The infrastructure boom pushed by Barcelona Mayor Ada Colau is partly responsible. The left-wing politician has promised to triple the city’s cycle path network and 25 kilometers have been added so far during her time at the helm, with a further 62 kilometers planned. But the story goes back to last century: the first bike paths were laid out in the city in the 1990s on cobblestone streets that still had rails from the old tram system. The real turning point was the introduction in 2007 of the public bike-hire scheme known as Bicing. Initially the scheme counted on 600 bicycles. Now that figure is 6,000.
Some experts argue the new two-way bike paths in Barcelona are too narrow
In other words, Colau has only applied a little more pedal power to promoting the two-wheeled form of transport in a city that – with its pleasant climate, manageable distances, lack (mostly) of hills and environment-conscious citizens – has all the ingredients to be a cycling paradise.

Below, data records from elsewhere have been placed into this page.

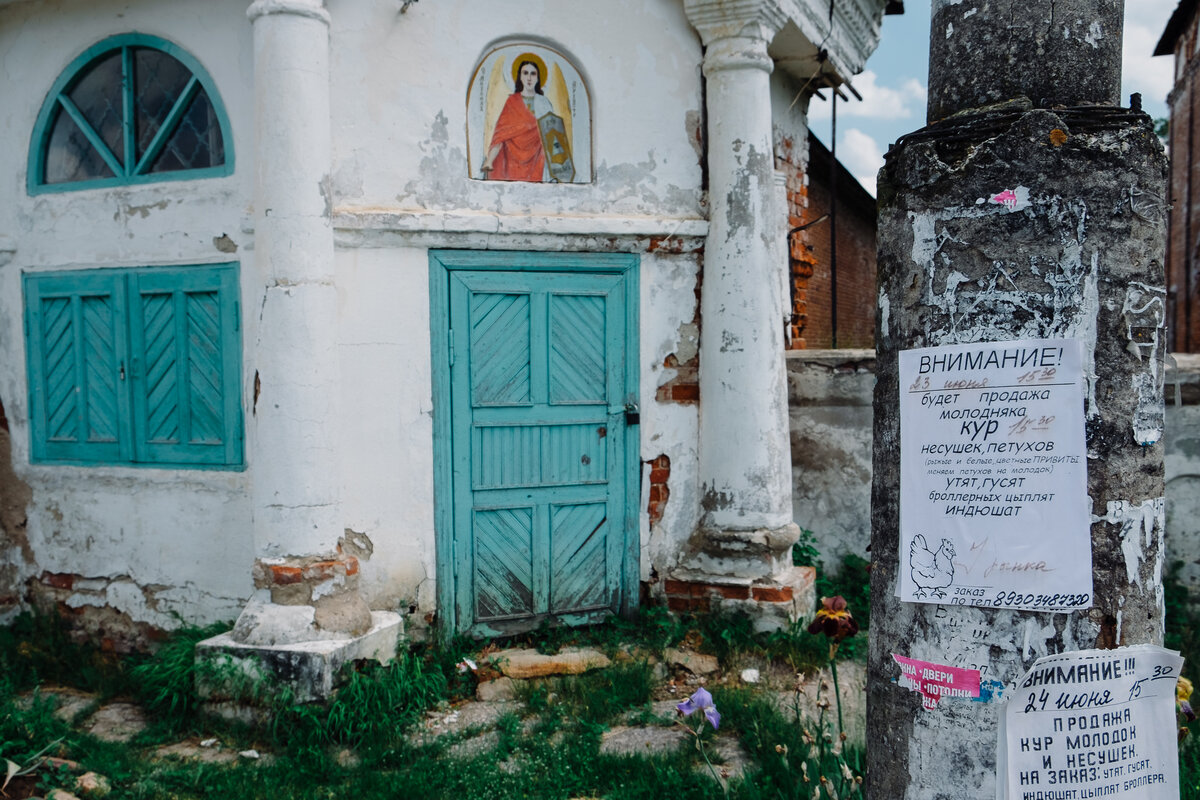 Традиционные объявления для сел и деревень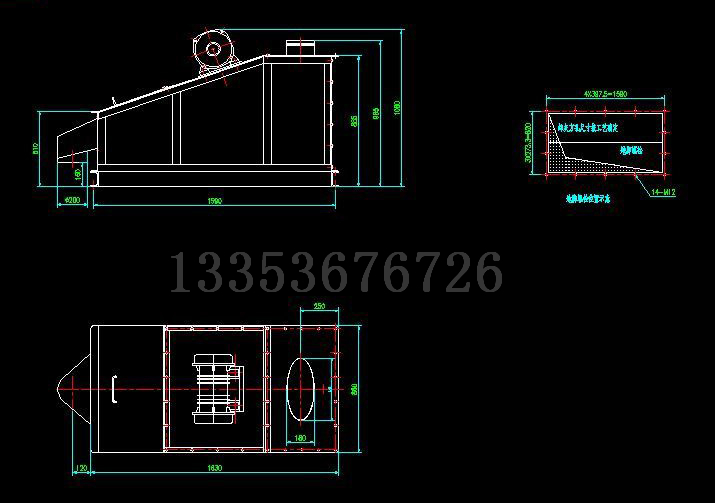 水泥篩（shāi）結構圖紙
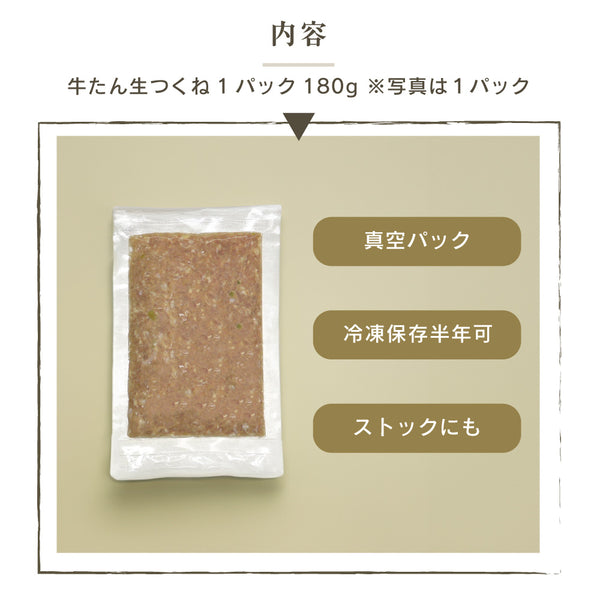 牛たん生つくね180gの真空パック。冷凍保存が可能で、ストックにも適した商品。パックの表面はシンプルなデザイン。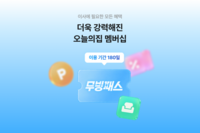  오늘의집, 첫 멤버십 출시…이사 쇼핑 특화 '무빙패스'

Sometimes, in fact, it seems the real question is why the city has needed so long to take to cycling, and a closer look at the figures puts a slightly different spin on its development in the Catalan capital. Only 2% of all trips in the city are taken on a bike – light years from the 40% made on public transport, the 26% involving cars and the 32% of journeys made on foot.
“[Cycling] is the fastest-growing mode of transport, but the percentage is still very low and we have a lot of room for growth,” says the city’s councilor for transport, Mercedes Vidal.

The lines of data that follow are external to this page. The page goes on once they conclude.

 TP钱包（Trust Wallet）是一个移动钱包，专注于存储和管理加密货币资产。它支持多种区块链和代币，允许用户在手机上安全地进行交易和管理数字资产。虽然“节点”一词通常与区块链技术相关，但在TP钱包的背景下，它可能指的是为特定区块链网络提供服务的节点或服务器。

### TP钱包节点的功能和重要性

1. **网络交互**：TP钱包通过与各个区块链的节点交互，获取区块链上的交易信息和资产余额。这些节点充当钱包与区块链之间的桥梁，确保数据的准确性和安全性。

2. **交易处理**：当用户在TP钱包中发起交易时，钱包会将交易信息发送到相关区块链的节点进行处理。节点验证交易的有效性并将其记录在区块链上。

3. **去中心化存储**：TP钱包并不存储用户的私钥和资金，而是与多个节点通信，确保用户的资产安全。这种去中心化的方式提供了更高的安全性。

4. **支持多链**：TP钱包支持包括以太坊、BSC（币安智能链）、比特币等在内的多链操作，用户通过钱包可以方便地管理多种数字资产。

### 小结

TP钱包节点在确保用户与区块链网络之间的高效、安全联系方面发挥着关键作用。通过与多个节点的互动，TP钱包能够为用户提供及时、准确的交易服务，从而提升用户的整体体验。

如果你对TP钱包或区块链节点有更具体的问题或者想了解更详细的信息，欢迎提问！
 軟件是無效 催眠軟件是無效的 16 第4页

Compared to Madrid, Barcelona is amazing for cyclists Rafa Vidiella, editor of cycling magazine ‘Ciclosfera’
Vidal points out that the current administration of Colau is actually “following the road map of the Urban Mobility Plan approved during the previous city legislature,” when the now-defunct Convergence and Union party was in power. That plan set a target of 2.5% of all trips to be taken by bicycle in 2018.
“It is essential that we move on from the idea of creating bike lanes along certain main routes and think about the network as a whole with everyone having a path near their house and their destination,” explains the transport chief.
Changes in the city’s cycling culture have been welcomed by cycling lobbies and clubs, with Carles Benito of the Bicycle Club of Catalonia (Bacc) putting the increased popularity of bike-riding down to the “snowball effect” of increasing the bike path network but also to a rise in “cycling culture, stores and events” and to the creation of the so-called mar-montaña (sea-to-mountain) routes. Benito also welcomes new rules that will see vehicles such as Segways having to use bike paths.
Only 2% of all trips in Barcelona are taken on a bike, while 32% are made on foot
But there have also been complaints about the new bike lanes. Albert Garcia of cycling group Amics de la Bici (Friends of the Bike) and Esther Anaya, a researcher on cycling at Imperial College London, both argue the new two-way bike paths are too narrow. Anaya, however, has praised Barcelona for making data on its cycling network publicly available, thus allowing universities to carry out studies the city perhaps can’t afford.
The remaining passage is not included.